Larkin’s poem ‘Ambulances’ presents themes of mortality and the meaning of life through death. The grim tone of the poem is set in the first line when Larkin describes ambulances as ‘Closed like confessionals’. This religious element seems very bleak in this context, giving an impression of intimacy and truth, both things which are present at the moment of a person’s death. This immediate yet subtle introduction of the theme of mortality chills the atmosphere of the poem, which uses the image of an ambulance to embody the reality of mortality.

         Inevitable and unpredictable reminders of our mortality are also emphasised in this poem, using the ambulance metaphor. In the first stanza, Larkin states that ‘All streets in time are visited’ by the ambulance, and that they could stop at ‘any kerb’, presenting mortality as an ominous, lingering presence which is perhaps often forgotten. 

         Likewise, the poem also puts mortality in the context of everyday life. Larkin describes the ambulance in the second stanza passing ‘children strewn on steps’, ‘Or women coming from the shops’, people who might not think of death as they go about their day. Mortality is simultaneously contrasted with ordinary, innocent life, while also presented as constantly present and inescapable. 

         The tone of Larkin’s poem then shifts in the third stanza to explore the more complex meaning and connotations of mortality. He describes ‘the solving emptiness/That lies just under all we do’ and the way it may only be sensed when we suddenly and randomly witness death in our every-day lives. This idea also introduces the idea of people’s fear and ignorance of our own mortality- what do we live for, if we will ultimately die?

         The underlying truth in this question is reinforced when Larkin observes how ‘permanent and blank and true’ mortality is. This language is also connected with the corpse itself, and the poem focuses back on the ambulance metaphor when describing how the ‘fastened doors recede’. This strengthens the reader’s impression of the unchangeable reality of death, creating an image of the ambulance driving away irretrievably down the street, carrying the body with it.

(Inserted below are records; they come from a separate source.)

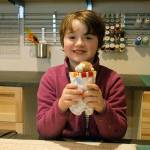 Arya Bochantin displays a finished sewn pouch, big enough to fit a sugar glider.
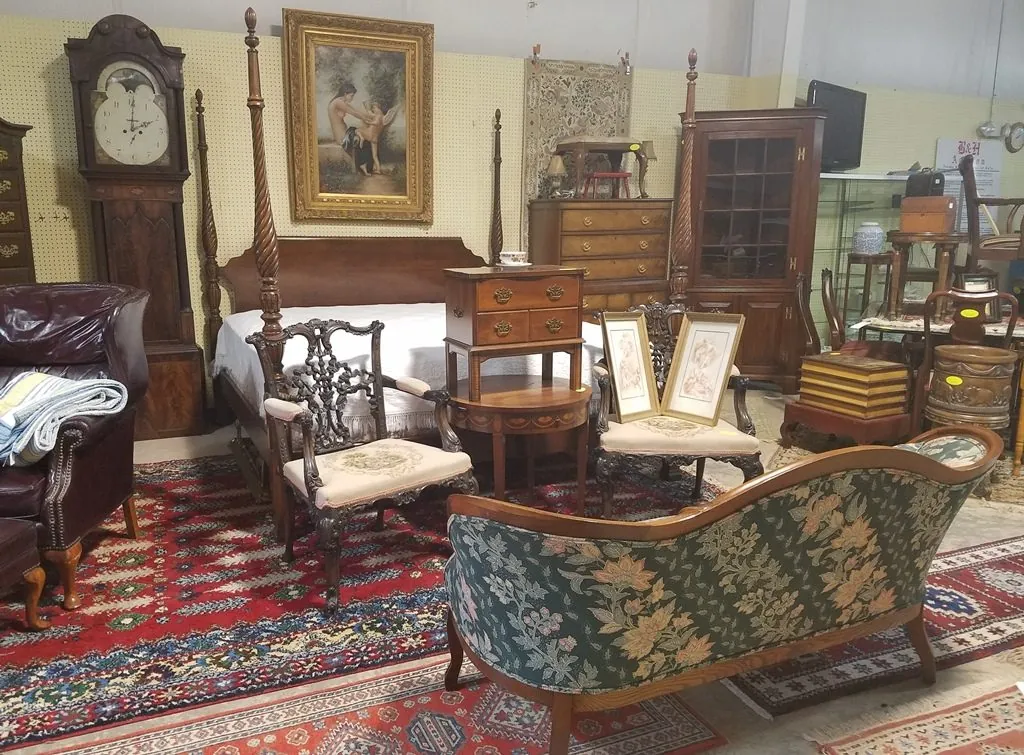 A B&H gallery preview with tall clocks, a four-poster bed, chests and rugs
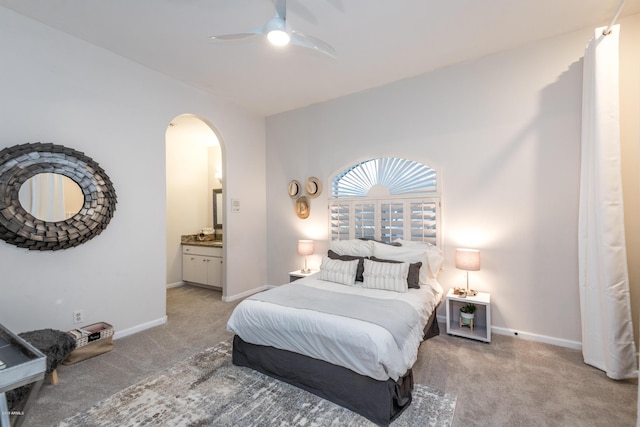 bedroom featuring ceiling fan, baseboards, light carpet, arched walkways, and ensuite bath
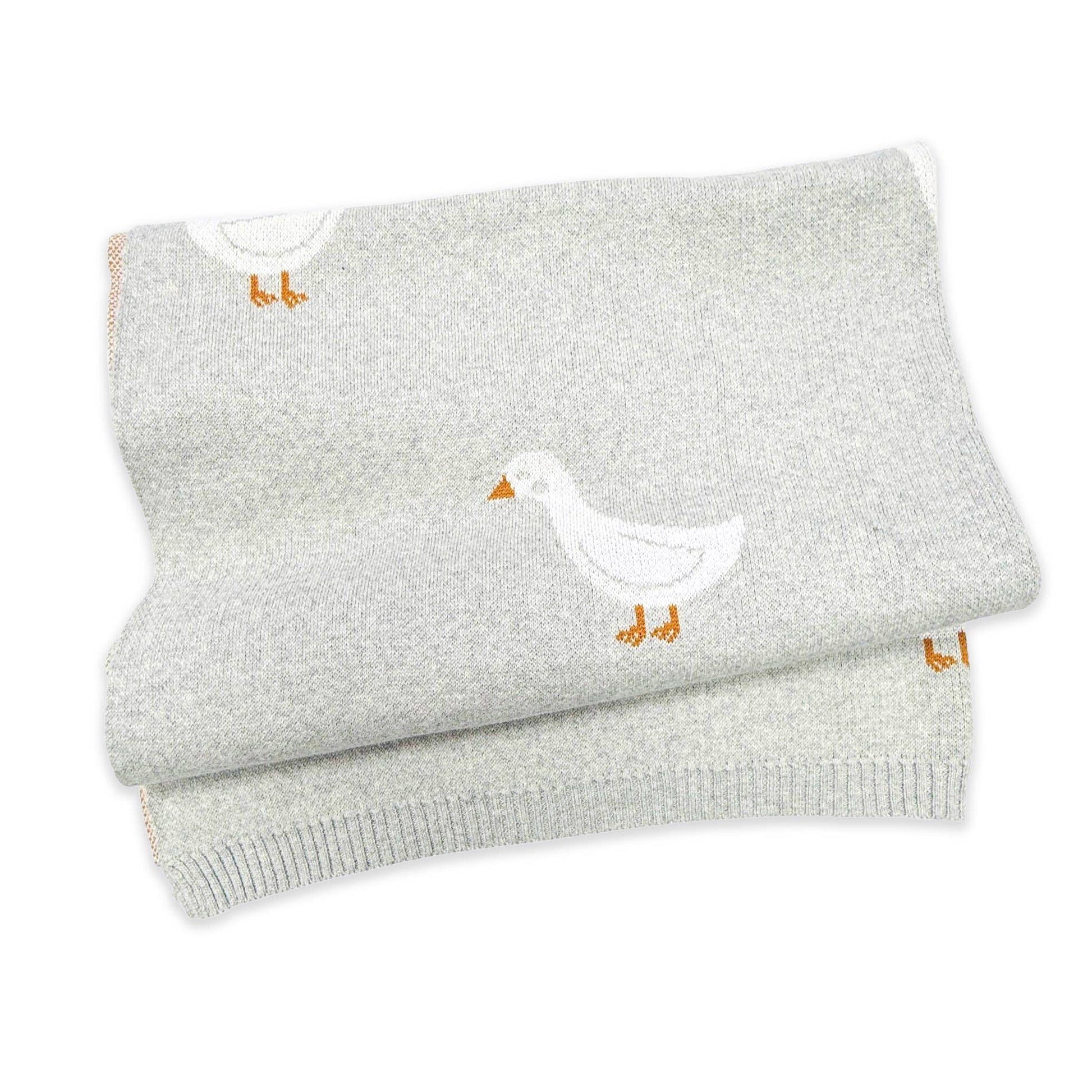 Folded gray blanket with a duck design on a white background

         Furthermore, Larkin focuses again on the contrast between mortality and ordinary life in the fourth stanza. He mentions ‘the unique random blend/Of families and fashions’ which make up each person’s life. The alliteration of this phrase makes the idea seem trivial or silly, as if we are no more than just that. This concept also emphasises the fact that mortality is something which affects every single person, no matter their personality or lifestyle. 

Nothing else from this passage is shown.